Emsal Mahkeme Kararı İstanbul Bölge Adliye Mahkemesi 12. Hukuk Dairesi 2018/1858 E. 2020/726 K. 01.09.2020 T.

Görüntülediğiniz mahkeme kararı kesinleşmiş bir karardır.

T.C.
İSTANBUL
BÖLGE ADLİYE MAHKEMESİ
12. HUKUK DAİRESİ
DOSYA NO: 2018/1858
KARAR NO: 2020/726
T Ü R K M İ L L E T İ A D I N A
İ S T İ N A F K A R A R I
İNCELENEN KARARIN
MAHKEMESİ: İSTANBUL ANADOLU 1. ASLİYE TİCARET MAHKEMESİ
TARİHİ: 05/04/2018
NUMARASI: 2016/1171 Esas – 2018/353 Karar
DAVA: İtirazın İptali (Ticari Satımdan Kaynaklanan)

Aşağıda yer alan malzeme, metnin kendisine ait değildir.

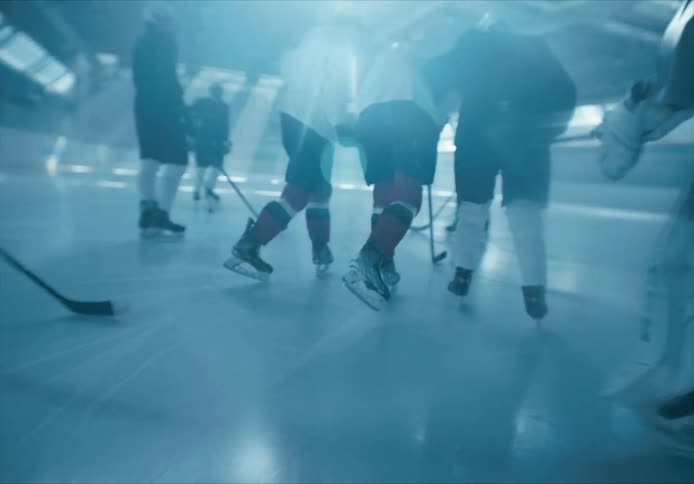 Some people holding another person and walking on the ice and everyone is wearing hockey equipment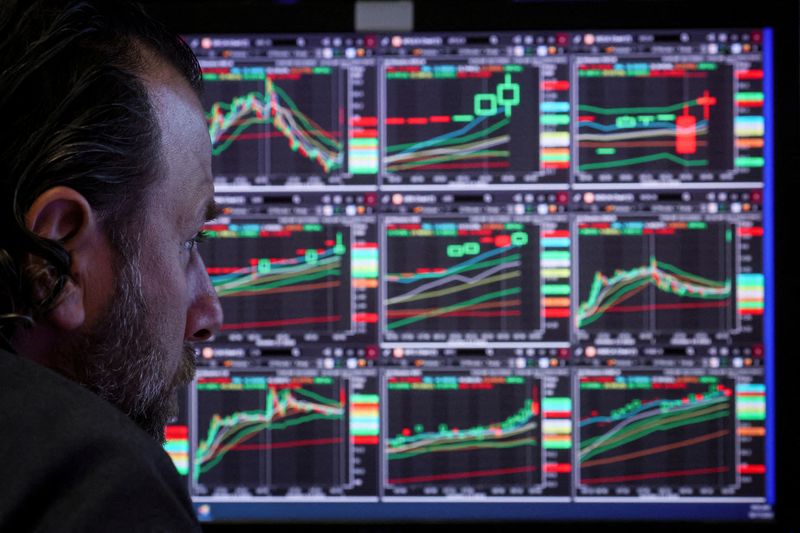 &copy; Reuters. FILE PHOTO: A specialist trader works on the floor of the New York Stock Exchange (NYSE) in New York City, U.S., October 17, 2022. REUTERS/Brendan McDermid/File Photo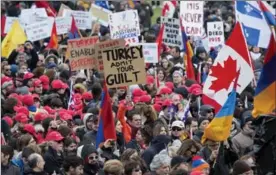  ?? JUSTIN TANG, THE CANADIAN PRESS ?? Members of the Armenian community and human rights activists gather on Parliament Hill to commemorat­e the centennial of the Armenian Genocide on Friday.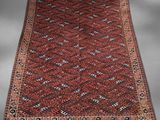 a red and black rug with geometric design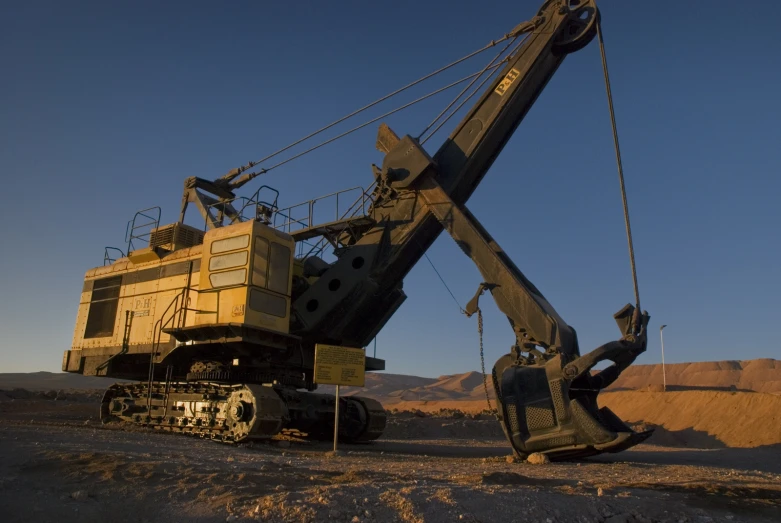 the giant crane is lifting the truck from the ground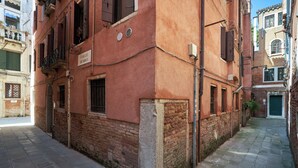 A narrow street with buildings on either side, a sign reading 'Calle Bembo,' and a green door at the end of the street. - Ca' dell'Arte - San Giacomo (Venezia)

İSTİNAF KARAR TARİHİ: 01/09/2020
Taraflar arasında görülen dava neticesinde ilk derece mahkemesince verilen hükmün davacı vekilince istinaf edilmesi üzerine dosya kapsamı incelenip gereği görüşülüp düşünüldü;
DAVA: Davacı vekili; davacı ile davalı arasında ticari ilişki bulunduğunu, davacının davalı şirkete ambalaj ürünleri sattığını, yapılan satışlar üzerine fatura düzenlendiğini, düzenlenen satış faturasının davalı tarafından ödenmemesi üzerine İstanbul Anadolu … İcra Müdürlüğü’nün … esas sayılı dosyası ile takip başlatıldığını, davalının icra takibine itiraz ettiğini belirterek, davalının itirazının iptali ile icra inkar tazminatına karar verilmesini talep etmiştir.

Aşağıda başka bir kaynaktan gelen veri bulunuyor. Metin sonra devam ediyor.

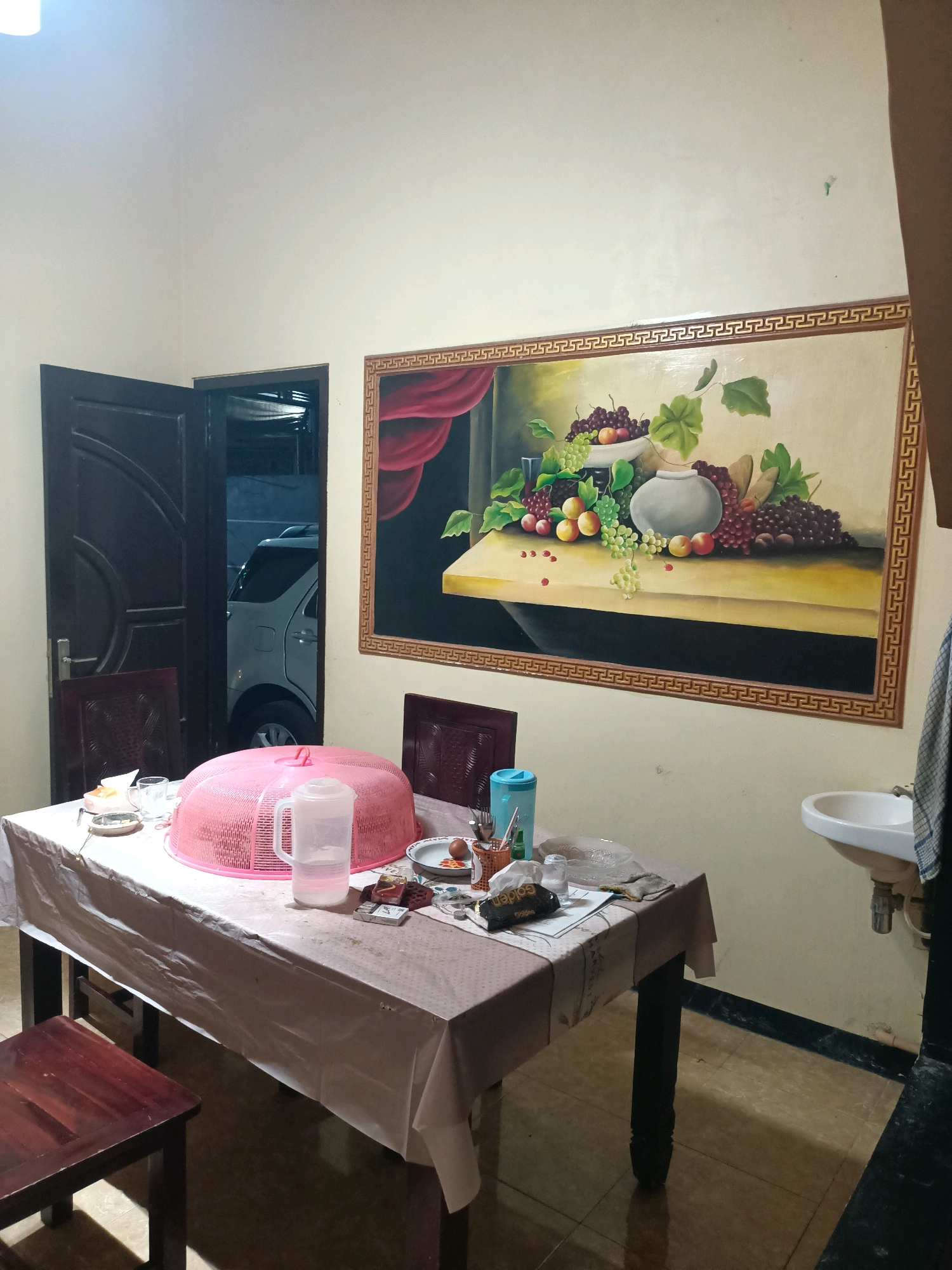 The image depicts an indoor dining area in Trenggalek, Indonesia. A dark wooden dining table is set with a patterned tablecloth and covered with a pink mesh food dome. On the table, there are several items including a plastic pitcher of water, a teacup and saucer, a pack of cigarettes, and a small plate with an egg. To the left of the table, a dark wooden chair is partially visible, and further left, a dark wooden door is ajar, revealing a glimpse of a white SUV parked outside. On the wall above the table, a large framed painting of a fruit still life, featuring grapes, apples, and a vase, is prominently displayed. To the right of the painting, a white sink is mounted on the wall. The room has light-colored walls and tiled flooring.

CEVAP: Davalı vekili; davacı ile müvekkili arasında faturaya dayanak sözleşme ilişkisi bulunmadığı gibi düzenlenen faturada belirtilen hizmetin de alınmadığını, müvekkilinin davacıya böyle bir borcunun bulunmadığını belirterek, davanın reddi ile kötü niyet tazminatına karar verilmesini talep etmiştir.
İLK DERECE MAHKEMESİ KARARI: Mahkemece; davacının malları davalı adına …’e teslim ettiğine ilişkin iddiası nedeniyle bu kişinin davalı adına mal teslim almaya açık veya örtülü şekilde yetkili kılındığına dair delil bulunmadığı, davacının yemin deliline dayanmadığı, münhasıran davalının defterlerine de dayanmadığı, davacının davasının ispat edemediği, davacının takipte kötü niyetli olduğunun da kanıtlanamadığı gerekçesiyle davanın reddine ve davalının kötüniyet tazminatı isteminin reddine karar verilmiştir.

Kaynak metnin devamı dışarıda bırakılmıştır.